How to: Dying Easter Eggs


Gretchen Goldsborough, staff writer

Have you ever dyed, painted, or colored an easter egg before? Many people, especially around the Easter season, take part in this fun activity. According to, over three billion eggs are sold each year in the United States around the Easter season – that is a whole lot of eggs! Although Easter was earlier this month, this article will provide the best way to dye easter eggs in the future, because why buy an egg-dying kit from Target when one has all they need at home?
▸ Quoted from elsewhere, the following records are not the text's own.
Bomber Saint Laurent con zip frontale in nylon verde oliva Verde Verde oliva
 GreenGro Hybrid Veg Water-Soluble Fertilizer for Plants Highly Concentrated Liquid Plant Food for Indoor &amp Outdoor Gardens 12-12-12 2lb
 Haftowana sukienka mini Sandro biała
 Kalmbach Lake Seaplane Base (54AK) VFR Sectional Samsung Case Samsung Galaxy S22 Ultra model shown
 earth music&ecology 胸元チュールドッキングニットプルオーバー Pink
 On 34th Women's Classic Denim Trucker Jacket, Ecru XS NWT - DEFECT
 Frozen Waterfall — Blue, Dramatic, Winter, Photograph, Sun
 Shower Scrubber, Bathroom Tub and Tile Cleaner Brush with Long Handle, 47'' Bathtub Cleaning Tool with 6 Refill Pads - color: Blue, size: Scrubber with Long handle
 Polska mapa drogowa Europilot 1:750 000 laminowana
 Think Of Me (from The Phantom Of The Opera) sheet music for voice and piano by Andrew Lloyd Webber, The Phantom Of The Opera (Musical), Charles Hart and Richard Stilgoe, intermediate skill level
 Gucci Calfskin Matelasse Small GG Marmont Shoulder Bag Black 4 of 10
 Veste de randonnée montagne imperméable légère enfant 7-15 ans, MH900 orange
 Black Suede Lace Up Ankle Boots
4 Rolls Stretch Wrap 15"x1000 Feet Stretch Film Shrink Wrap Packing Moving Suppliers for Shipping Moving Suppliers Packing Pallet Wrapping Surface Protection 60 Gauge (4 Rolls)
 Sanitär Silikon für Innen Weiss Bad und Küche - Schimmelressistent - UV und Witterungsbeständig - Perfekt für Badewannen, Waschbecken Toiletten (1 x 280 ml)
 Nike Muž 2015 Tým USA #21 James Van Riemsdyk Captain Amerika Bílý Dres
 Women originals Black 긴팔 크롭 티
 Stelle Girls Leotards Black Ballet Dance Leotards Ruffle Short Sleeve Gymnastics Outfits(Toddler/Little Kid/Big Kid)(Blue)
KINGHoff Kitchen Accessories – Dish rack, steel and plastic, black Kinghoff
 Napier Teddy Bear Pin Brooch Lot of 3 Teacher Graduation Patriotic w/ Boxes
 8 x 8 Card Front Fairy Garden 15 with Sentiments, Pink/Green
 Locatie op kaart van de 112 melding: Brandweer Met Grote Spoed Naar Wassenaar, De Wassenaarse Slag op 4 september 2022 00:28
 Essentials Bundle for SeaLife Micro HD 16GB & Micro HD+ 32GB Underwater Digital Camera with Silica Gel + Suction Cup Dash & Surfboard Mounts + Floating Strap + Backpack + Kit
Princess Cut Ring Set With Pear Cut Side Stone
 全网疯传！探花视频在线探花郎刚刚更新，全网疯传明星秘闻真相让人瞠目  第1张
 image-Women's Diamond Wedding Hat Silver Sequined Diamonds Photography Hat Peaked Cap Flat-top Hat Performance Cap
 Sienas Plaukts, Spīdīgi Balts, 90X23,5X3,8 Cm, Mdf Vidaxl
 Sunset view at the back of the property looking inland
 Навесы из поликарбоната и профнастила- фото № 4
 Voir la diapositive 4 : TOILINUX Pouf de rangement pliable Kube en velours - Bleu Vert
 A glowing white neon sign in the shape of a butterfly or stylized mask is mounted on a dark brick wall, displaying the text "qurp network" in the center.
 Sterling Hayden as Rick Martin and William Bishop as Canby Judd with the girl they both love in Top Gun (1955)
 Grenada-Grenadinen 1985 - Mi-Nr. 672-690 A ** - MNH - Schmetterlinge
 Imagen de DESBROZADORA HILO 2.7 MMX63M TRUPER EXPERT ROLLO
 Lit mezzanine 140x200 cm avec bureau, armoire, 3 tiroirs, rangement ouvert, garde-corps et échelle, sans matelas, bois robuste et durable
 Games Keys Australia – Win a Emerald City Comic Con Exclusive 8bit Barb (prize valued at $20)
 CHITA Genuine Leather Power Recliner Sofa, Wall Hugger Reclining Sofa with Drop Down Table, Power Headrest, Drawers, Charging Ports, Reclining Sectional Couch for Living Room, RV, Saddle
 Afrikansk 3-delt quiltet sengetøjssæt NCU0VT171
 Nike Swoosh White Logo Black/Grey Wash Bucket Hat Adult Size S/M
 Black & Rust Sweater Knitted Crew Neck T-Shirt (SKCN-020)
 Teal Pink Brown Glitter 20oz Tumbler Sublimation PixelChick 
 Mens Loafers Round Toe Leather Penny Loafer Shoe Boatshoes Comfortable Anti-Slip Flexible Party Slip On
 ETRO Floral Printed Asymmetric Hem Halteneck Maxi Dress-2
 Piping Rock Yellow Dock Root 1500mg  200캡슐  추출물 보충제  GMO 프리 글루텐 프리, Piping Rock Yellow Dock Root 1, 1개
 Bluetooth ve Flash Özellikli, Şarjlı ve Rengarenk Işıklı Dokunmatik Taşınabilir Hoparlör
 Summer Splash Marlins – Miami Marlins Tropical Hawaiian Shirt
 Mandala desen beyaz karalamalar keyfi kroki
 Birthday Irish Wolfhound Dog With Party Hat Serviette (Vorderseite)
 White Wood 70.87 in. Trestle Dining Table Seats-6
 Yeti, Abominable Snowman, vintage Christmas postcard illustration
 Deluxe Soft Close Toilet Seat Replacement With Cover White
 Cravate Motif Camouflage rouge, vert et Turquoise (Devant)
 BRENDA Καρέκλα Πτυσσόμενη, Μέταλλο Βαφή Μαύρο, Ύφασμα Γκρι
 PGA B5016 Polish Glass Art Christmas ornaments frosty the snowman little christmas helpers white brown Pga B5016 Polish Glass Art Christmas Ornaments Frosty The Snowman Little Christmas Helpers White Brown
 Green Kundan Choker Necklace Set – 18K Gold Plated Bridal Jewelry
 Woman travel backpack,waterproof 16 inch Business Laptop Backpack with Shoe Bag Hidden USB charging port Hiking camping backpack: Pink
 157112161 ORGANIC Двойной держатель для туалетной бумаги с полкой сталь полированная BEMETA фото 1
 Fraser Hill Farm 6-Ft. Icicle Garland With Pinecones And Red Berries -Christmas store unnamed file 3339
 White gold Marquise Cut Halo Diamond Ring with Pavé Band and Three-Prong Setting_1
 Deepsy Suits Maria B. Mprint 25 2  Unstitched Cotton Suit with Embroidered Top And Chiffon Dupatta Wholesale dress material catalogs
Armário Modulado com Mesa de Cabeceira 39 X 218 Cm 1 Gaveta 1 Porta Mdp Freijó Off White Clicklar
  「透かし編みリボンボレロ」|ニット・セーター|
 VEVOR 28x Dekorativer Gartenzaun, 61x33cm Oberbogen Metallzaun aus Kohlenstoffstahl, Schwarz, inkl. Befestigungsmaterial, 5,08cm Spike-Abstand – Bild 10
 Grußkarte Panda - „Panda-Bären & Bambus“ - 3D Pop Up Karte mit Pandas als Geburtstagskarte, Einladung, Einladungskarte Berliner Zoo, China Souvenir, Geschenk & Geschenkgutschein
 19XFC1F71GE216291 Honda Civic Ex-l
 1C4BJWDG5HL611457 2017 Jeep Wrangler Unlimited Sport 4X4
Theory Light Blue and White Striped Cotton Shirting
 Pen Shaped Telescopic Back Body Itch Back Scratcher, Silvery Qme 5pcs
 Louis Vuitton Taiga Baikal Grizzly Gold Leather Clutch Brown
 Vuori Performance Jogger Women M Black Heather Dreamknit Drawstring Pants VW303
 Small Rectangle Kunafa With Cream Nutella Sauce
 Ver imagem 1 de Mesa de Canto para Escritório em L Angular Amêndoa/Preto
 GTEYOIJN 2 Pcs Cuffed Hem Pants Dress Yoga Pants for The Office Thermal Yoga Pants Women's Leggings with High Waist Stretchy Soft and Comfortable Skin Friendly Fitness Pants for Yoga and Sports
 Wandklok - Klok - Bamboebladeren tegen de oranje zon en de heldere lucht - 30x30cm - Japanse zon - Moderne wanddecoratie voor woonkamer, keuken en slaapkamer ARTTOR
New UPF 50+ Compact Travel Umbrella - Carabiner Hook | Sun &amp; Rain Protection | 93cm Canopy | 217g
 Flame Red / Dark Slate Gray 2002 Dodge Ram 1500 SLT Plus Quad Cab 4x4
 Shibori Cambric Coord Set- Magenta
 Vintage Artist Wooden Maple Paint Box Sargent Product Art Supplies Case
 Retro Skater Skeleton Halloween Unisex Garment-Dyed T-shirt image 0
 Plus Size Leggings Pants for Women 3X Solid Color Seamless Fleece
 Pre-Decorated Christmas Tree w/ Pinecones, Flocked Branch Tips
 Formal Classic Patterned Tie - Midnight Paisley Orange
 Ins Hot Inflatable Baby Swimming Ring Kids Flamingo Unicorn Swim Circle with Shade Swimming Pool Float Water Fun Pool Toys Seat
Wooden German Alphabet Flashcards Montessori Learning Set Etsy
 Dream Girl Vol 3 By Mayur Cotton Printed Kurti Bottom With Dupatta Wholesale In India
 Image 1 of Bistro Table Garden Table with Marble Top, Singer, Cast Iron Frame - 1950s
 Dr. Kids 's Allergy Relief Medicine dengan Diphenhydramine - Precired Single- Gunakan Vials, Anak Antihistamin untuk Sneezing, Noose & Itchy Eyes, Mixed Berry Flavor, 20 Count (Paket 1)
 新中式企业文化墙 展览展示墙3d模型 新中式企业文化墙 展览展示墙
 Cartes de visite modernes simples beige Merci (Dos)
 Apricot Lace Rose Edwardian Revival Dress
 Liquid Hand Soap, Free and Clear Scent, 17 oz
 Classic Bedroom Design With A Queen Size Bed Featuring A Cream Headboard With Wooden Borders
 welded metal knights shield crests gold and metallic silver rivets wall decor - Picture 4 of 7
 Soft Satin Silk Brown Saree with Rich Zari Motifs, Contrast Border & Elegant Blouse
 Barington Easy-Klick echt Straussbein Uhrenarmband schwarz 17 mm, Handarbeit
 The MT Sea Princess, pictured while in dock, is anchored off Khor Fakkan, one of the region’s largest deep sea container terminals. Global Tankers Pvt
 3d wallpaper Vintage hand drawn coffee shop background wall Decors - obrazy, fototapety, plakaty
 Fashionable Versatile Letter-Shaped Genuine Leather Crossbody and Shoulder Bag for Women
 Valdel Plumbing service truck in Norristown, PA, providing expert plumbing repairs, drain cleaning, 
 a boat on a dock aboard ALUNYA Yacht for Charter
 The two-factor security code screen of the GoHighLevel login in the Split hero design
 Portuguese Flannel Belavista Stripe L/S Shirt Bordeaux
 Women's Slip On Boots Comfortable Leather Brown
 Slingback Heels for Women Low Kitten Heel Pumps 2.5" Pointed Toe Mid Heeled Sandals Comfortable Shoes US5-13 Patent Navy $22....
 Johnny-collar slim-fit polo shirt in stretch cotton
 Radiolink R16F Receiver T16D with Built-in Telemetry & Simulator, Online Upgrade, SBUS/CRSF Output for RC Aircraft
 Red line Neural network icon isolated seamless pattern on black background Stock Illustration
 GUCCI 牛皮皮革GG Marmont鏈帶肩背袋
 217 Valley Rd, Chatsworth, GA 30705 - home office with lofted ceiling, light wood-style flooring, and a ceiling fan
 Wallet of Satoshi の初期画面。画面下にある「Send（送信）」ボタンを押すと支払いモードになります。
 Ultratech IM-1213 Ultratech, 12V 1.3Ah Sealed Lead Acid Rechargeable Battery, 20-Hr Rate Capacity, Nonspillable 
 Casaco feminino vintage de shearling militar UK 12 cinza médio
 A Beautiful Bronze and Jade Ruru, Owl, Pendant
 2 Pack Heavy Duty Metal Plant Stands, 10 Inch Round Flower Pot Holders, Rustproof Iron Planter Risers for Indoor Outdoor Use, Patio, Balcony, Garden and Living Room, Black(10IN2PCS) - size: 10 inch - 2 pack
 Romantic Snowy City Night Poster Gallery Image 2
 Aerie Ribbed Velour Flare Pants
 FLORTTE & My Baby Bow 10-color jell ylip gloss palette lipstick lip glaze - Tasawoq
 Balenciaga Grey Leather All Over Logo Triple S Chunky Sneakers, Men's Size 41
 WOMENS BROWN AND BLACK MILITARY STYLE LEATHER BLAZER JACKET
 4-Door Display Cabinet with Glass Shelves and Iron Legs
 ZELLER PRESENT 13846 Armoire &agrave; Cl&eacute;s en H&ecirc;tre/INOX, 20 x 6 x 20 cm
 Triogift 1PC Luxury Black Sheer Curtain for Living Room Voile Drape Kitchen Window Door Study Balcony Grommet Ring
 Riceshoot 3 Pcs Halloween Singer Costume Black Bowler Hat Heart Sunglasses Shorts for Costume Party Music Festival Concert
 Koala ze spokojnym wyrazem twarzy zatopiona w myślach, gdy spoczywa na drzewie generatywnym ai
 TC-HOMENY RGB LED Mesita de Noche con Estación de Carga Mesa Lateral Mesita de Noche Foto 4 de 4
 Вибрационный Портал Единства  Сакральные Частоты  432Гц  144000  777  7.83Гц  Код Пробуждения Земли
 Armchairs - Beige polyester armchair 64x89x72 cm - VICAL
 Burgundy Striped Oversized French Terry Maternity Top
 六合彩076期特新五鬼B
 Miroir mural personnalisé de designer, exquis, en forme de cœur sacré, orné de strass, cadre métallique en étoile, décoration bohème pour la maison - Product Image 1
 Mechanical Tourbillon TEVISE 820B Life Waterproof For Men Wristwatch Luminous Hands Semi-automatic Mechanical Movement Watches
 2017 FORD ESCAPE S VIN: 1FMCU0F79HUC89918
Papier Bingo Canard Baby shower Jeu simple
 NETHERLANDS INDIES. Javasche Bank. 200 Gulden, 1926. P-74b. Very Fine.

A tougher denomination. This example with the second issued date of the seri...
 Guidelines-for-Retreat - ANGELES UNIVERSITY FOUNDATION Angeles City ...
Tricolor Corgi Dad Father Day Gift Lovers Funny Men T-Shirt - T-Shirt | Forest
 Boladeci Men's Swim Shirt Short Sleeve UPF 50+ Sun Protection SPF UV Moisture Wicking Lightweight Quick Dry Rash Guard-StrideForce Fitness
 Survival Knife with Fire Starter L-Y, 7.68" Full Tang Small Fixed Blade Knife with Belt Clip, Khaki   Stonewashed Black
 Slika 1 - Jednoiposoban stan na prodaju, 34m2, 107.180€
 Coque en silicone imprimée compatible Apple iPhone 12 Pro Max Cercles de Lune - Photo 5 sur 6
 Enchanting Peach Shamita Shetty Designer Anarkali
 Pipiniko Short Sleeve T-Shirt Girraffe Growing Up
There are many different methods out there (natural dyes, crayons, markers, stickers, etc.) but this one will involve food coloring, eggs (as many as you desire), and vinegar. To begin, boil the eggs so they become hard-boiled. To do this, place the eggs in a saucepan and fill up the pan with enough water so an inch of water lies above the eggs. Turn on the heat, let the water boil, and once the water is boiling, let it boil for one minute. Turn off the heat, cover the pan, and let it sit for about 12 minutes. Boiling the eggs prior to dying them is important because it reduces the risk of the eggs cracking. When ready, drain the water from the saucepan and run the eggs under cold water to cool them down.

Preparing the dye is the next crucial step. Grab as many clear glasses (other heat-proof cups work too) as colors of food coloring that you are planning to make. Gently pour about half a cup of boiling water, a teaspoon of white vinegar, and whatever food coloring color is wanted (based on how light or dark you desire the eggs to be, 10 to 20 drops are needed) into each glass. 

Let the Easter egg dying begin! Do not forget to get the workspace ready. With help from a whisk or spoon (do not use a wooden utensil), submerge and let each egg sit in the glass for five to nine minutes. The longer the eggs sit, the more vibrant and absorbed they will be. But, it is okay every once in a while to carefully lift up the egg and see how it is doing. After removing the eggs from the dye, let them dry in an egg carton or on some napkins. Allow for both the top and bottom to dry by flipping the egg once one side is dry. The eggs are all done! Make sure to store them in the refrigerator if they will not be used right away.